In banking, there's too big to fail. In natural gas, there's too big to succeed.

It's a lesson Encana Corp. learned the hard way. Roughly three years ago, Randy Eresman, the energy giant's former chief executive officer, pledged to double natural gas production by 2015. Since then the company's shares have plummeted about 45 per cent.

Mr. Eresman's strategy was always a bold one, but three years ago there was case to be made for its sensibility. Natural gas prices rose coming out of the financial crisis and there seemed to be more room for them to run.

The problem is that other developers and producers piled in, and suddenly there was a supply glut that sent natural gas prices crashing to around $2 per thousand cubic feet.

For a while the pain was widespread, yet lately the market has been quirky.
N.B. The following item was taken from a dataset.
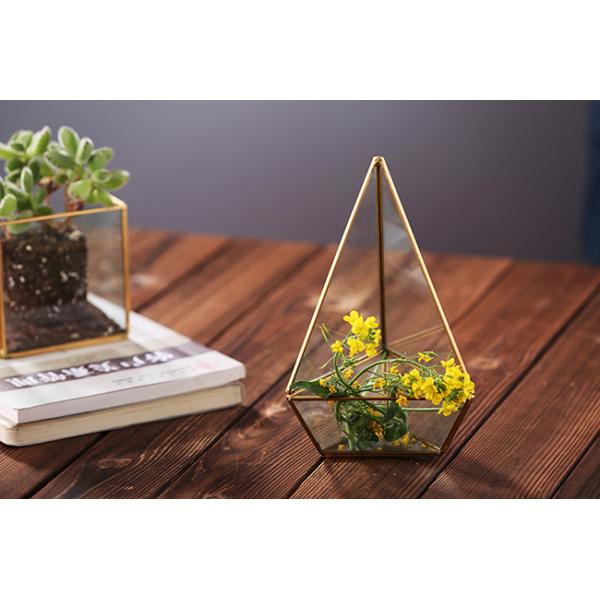 Handmade Glass Homeware Irregular Diamond Shaped Desktop Glass Terrarium Planter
With natural gas prices on the rebound, back to $3.76, the smaller, more nimble players are feeling the love, while the behemoths have been shunned.

In the past year Encana's shares have dropped 10 per cent. By contrast, Tourmaline Oil Corp., a sexy new natural gas player, is up 70 per cent over the same period, Peyto Exploration and Development Corp. rose 77 per cent and Paramount Resources Ltd. has jumped 42 per cent.
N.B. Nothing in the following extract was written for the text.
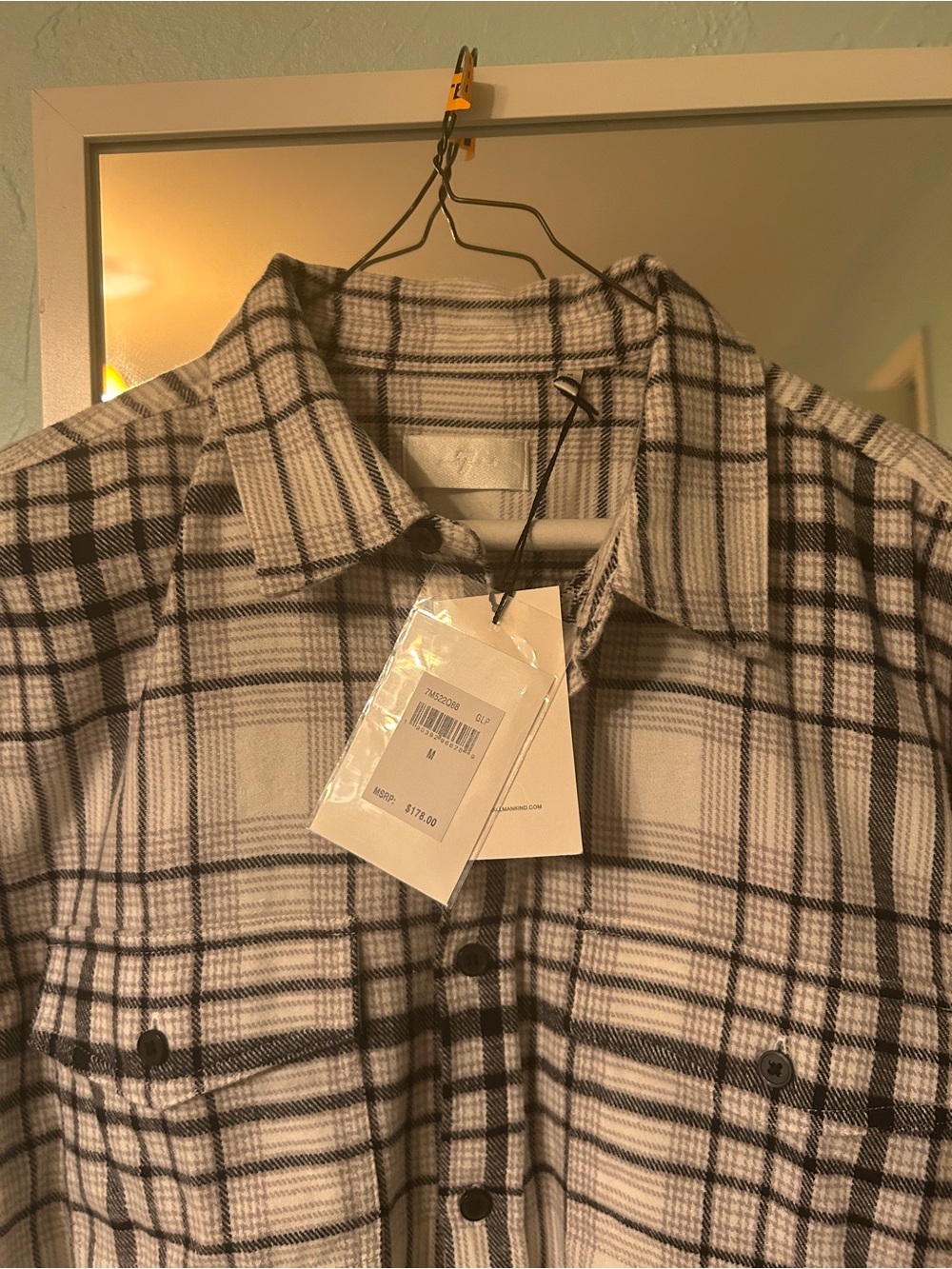 All Saints Cream and Black Plaid Button-Front Shacket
It can be tricky to group all of the smaller players into one homogenous category because each has different production and exploration results. But it's very clear that investors are rewarding companies that are much easier to manage, and who can fund their own development.

Encana, by contrast, has enormous amounts of land, but can't convince investors of exactly how its properties will be developed. The company has looked for joint venture partners and struck a $2.2-billion deal with PetroChina in December, but these have been few and far between.

Talisman Energy is in the same boat. Though its stock has done a little better than Encana's, climbing 10 per cent in the past year, the company also had to replace its CEO, and the new guy, Hal Kvisle, is now talking at length about the need for asset sales.

Encana doesn't necessarily need to start a fire sale of its own, but Doug Suttles, the new company's new chief, should know that investors need confidence on the way forward, and his company's baby steps to trim costs won't be enough to earn it. In this market, you don't earn respect simply for your size.